Road-to-change-image

The Highways Agency, Transport for Scotland, Transport for London, councils, damn councils and the Welsh mob. One day soon – UKIP permitting - the arteries of the UK economy (SNP permitting), could be under the control of the rather grand sounding trans-European transport network, rather less grandly abbreviated as TEN-T.

As with all things Europe, Brussels wants a single, unified road network to serve its single, common market “allowing goods and people to circulate quickly and easily between Member States” – think multimodal transport rather than a giant airport-style baggage reclaim.

TEN-T today got the nod from the respective arms of the European machine – Commission, Council and Parliament – to press ahead with unification by 2030.

Siim Kallas, commission vice-president responsible for transport, got quite heady about the whole thing and gushed:  "This is a historic agreement to create a powerful European transport network across 28 Member States.

“Transport is vital to the European economy, without good connections Europe will not grow or prosper. This agreement will connect East with West and replace today’s transport patchwork with a network that is genuinely European.

“This is a major step towards building a new transport network that will be the backbone to boost growth and competitiveness in Europe's Single Market."

Quite how this will work alongside their welcome decision to backpedal on lifting cabotage restrictions next year remains to be seen.

Regardless, TEN-T will be a big beast comprising (across 27 member states) 5,000,000 km of paved roads, out of which 65,100km are motorways, 212,800km of rail lines, and 42,709km of navigable inland waterways.
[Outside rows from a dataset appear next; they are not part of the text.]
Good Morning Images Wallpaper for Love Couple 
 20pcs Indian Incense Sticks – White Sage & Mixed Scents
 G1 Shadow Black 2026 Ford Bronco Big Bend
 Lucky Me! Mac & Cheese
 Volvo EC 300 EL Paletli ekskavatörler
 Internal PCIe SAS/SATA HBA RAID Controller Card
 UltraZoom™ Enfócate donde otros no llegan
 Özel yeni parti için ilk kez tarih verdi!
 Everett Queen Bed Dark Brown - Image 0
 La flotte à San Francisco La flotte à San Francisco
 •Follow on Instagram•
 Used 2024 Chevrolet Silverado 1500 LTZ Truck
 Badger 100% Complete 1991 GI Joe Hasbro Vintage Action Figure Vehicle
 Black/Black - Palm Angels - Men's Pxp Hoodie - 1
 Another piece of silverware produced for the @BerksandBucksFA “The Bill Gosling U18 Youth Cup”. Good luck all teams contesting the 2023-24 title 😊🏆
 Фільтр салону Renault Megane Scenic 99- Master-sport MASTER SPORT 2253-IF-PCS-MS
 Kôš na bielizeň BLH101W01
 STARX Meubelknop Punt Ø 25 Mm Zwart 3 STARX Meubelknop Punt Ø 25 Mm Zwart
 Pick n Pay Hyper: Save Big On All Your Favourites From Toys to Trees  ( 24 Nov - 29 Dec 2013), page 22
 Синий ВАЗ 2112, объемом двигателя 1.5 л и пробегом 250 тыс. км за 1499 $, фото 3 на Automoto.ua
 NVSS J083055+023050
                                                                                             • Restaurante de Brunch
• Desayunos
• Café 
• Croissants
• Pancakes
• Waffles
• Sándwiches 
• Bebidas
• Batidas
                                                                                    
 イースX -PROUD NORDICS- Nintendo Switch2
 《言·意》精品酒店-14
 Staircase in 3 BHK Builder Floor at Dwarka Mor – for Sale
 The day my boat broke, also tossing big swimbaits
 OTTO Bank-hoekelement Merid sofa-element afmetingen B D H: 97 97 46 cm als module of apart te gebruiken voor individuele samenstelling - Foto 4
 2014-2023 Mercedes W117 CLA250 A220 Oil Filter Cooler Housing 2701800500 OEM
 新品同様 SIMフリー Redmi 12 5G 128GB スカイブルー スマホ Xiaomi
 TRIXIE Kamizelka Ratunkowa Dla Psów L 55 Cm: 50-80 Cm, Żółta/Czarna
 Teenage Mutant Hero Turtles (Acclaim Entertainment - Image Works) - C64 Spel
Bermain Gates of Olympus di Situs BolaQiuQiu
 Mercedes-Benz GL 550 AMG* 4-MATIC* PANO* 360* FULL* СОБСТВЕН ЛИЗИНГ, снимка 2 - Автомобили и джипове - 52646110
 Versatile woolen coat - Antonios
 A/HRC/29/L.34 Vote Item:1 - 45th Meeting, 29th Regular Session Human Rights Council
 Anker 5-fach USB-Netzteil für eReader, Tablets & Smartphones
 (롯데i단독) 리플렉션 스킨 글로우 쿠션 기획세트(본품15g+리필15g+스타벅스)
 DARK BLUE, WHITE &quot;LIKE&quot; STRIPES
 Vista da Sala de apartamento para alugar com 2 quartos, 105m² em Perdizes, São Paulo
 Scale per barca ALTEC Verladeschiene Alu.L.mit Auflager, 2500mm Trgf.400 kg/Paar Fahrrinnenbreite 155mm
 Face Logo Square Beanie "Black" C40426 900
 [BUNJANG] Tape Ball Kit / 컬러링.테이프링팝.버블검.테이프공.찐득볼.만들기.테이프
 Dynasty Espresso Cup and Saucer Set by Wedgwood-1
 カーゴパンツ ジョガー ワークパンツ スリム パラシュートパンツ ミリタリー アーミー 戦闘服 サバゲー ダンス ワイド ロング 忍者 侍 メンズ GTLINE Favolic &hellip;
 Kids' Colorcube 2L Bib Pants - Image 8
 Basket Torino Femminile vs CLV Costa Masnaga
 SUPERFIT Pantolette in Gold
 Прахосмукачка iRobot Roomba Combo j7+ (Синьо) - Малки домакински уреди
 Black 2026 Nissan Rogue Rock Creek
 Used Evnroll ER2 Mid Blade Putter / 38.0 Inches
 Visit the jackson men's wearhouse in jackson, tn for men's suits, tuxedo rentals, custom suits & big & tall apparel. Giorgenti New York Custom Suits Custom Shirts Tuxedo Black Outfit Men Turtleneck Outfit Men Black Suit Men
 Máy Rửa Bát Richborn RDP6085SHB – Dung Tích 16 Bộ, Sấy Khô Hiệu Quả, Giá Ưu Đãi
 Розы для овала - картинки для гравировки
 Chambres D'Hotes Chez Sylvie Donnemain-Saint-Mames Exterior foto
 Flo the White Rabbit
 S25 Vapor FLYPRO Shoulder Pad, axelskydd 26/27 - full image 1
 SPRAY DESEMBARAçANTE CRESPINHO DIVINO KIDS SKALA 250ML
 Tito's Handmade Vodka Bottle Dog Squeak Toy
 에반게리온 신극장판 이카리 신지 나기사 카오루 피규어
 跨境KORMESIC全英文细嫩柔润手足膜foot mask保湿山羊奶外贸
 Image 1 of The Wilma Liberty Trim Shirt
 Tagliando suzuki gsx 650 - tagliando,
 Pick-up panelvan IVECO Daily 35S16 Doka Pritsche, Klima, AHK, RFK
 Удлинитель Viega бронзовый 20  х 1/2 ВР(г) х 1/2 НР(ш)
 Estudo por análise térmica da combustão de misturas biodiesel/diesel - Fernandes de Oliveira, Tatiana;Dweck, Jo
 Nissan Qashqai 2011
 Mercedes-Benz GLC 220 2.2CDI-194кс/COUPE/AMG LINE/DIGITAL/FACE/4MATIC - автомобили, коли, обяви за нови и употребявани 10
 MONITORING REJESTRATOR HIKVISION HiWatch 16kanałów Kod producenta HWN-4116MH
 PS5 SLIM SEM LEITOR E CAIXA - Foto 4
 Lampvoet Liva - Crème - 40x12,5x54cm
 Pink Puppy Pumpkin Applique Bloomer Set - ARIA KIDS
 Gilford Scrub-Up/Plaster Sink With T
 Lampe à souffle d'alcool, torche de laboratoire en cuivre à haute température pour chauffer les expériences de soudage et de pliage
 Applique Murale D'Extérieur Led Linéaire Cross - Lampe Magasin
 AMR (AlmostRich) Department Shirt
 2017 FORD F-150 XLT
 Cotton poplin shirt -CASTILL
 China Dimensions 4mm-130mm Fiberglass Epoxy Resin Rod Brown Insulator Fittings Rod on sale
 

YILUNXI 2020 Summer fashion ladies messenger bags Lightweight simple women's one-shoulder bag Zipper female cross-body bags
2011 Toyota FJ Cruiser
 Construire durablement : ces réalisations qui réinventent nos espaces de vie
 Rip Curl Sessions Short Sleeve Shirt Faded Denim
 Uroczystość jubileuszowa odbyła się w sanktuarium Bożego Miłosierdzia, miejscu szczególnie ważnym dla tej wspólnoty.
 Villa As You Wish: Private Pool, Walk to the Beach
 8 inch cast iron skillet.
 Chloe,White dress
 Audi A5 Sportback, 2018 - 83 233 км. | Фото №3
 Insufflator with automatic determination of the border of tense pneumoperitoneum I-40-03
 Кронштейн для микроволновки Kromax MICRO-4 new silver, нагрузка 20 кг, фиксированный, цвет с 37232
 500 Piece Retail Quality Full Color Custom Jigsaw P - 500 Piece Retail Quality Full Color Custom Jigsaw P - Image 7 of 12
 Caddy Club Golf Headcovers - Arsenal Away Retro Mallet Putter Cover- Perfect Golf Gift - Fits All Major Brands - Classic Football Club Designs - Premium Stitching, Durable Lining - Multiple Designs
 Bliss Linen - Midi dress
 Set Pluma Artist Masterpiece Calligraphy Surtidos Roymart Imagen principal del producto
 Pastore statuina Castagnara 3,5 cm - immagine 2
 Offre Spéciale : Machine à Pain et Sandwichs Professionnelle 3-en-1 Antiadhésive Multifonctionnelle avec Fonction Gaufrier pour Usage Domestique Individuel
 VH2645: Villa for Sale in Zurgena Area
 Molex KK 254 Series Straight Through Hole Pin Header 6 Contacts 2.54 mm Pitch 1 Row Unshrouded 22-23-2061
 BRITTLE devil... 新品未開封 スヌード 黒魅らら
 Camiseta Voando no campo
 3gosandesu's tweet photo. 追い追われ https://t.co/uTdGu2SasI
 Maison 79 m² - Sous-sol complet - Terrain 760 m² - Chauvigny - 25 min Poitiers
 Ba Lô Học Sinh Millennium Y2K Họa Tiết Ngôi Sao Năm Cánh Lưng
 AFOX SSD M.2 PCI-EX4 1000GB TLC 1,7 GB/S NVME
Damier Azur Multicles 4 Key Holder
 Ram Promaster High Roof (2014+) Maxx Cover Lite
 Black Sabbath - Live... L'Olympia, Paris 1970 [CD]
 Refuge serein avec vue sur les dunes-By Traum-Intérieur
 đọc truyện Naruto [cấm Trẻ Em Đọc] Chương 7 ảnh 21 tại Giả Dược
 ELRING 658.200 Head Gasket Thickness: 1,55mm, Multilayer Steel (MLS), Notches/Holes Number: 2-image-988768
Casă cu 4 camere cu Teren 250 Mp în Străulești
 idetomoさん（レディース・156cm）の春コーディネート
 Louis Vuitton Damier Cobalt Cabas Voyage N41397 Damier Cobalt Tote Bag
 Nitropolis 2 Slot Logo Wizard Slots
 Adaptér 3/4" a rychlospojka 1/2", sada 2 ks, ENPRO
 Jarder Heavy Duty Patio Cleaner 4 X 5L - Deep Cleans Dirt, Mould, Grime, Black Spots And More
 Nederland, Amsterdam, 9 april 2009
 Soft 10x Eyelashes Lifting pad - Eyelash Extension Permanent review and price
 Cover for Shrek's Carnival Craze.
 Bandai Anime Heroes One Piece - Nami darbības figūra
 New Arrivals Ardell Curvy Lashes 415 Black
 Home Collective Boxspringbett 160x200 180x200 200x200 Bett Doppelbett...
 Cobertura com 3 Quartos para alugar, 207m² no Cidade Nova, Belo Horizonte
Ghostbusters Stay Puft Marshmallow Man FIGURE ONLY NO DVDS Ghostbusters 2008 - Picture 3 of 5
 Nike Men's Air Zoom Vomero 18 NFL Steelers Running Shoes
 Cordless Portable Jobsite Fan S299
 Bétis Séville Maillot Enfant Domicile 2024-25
The total investment on transport infrastructure during the period 2000-2006 was €859bn (£737bn). Potholes will apparently be optional (perhaps a feature of a federal UK to maintain a link to the past).

Taking into account growth between Member States, expected to double by 2020, “the investment required to complete and modernise a well-performing trans-European network is substantial”. No kidding: the commission puts it at £1.5 trillion (UK road and rail spend combined in 2010 was around £17bn).